Below are entries. Reproduce exactly the lines between the line holding "助手席シートバックには本や雑誌等を入れておくのにちょうど良いポケットが！" and the line holding "ANDREA FENZI Silver Heart Cutout Wedges", inclusive, and only those.

**Record extracts:**
◇ ◇ ◇ ◇ ◇ ◇ ◇

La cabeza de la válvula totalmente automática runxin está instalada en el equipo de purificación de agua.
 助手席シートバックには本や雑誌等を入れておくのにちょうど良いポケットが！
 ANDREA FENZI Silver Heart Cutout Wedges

◇ ◇ ◇ ◇ ◇ ◇ ◇

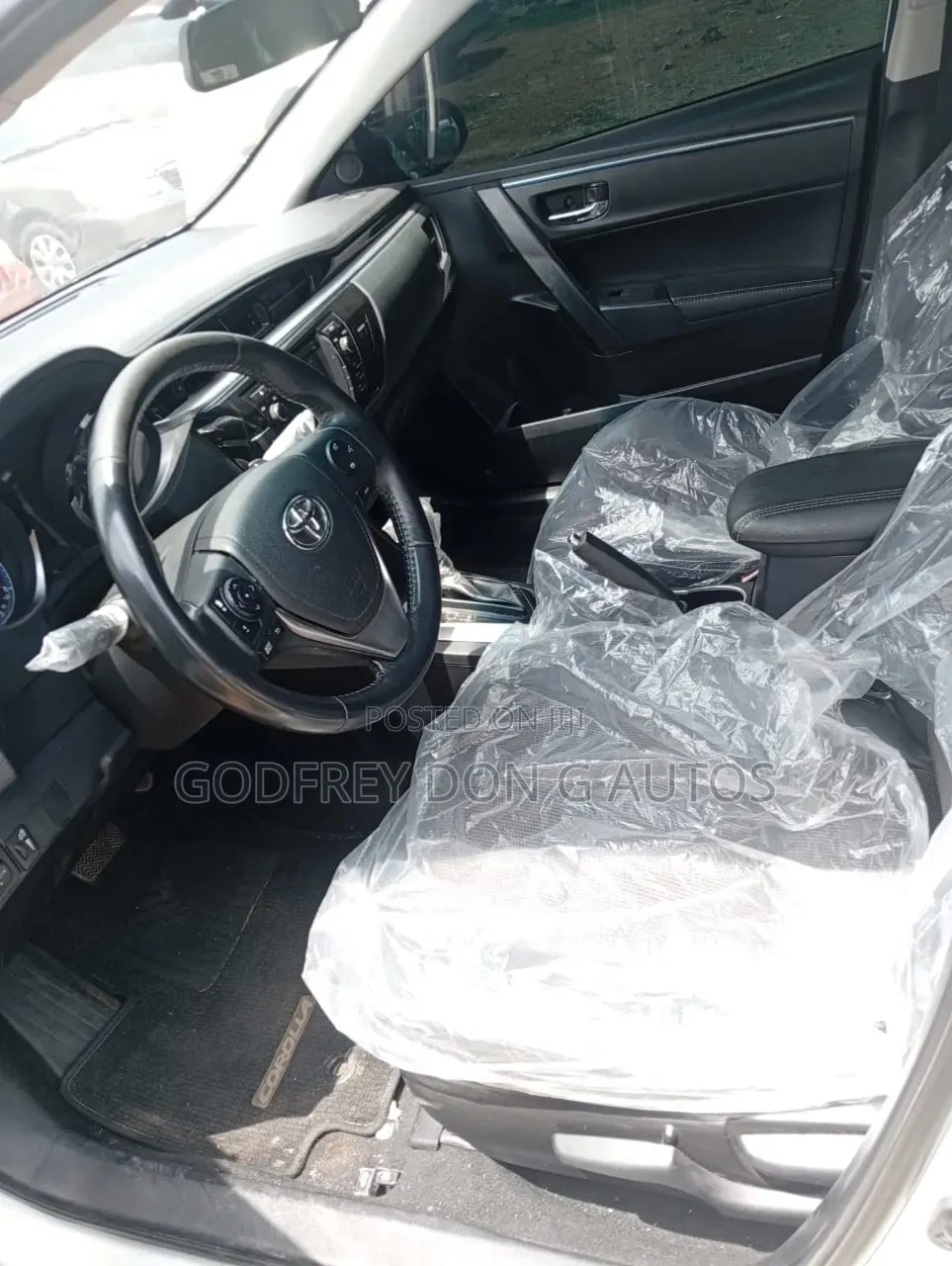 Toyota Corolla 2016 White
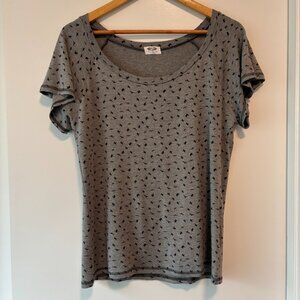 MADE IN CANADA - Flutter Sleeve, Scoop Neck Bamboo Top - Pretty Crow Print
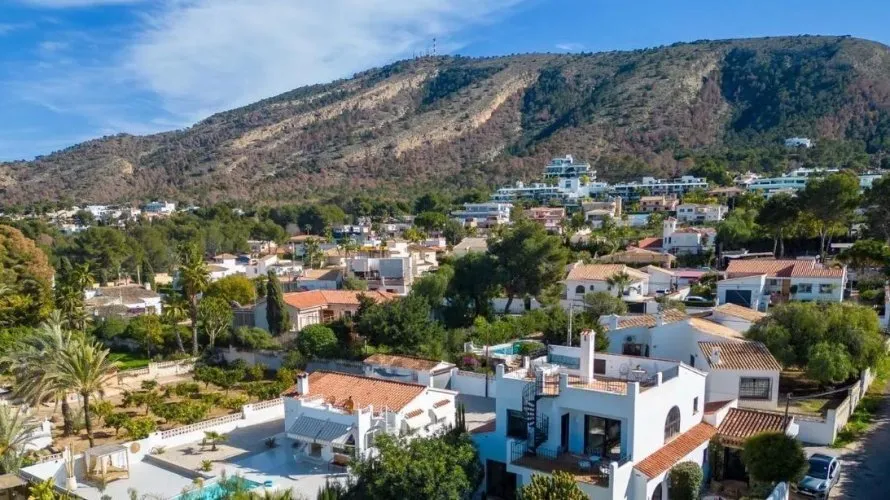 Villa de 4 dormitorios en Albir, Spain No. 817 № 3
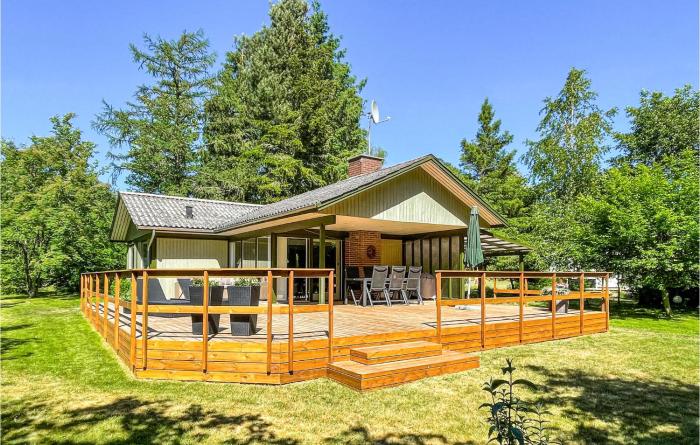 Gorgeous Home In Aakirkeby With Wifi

◇ ◇ ◇ ◇ ◇ ◇ ◇

**Finished task:**
 助手席シートバックには本や雑誌等を入れておくのにちょうど良いポケットが！
 ANDREA FENZI Silver Heart Cutout Wedges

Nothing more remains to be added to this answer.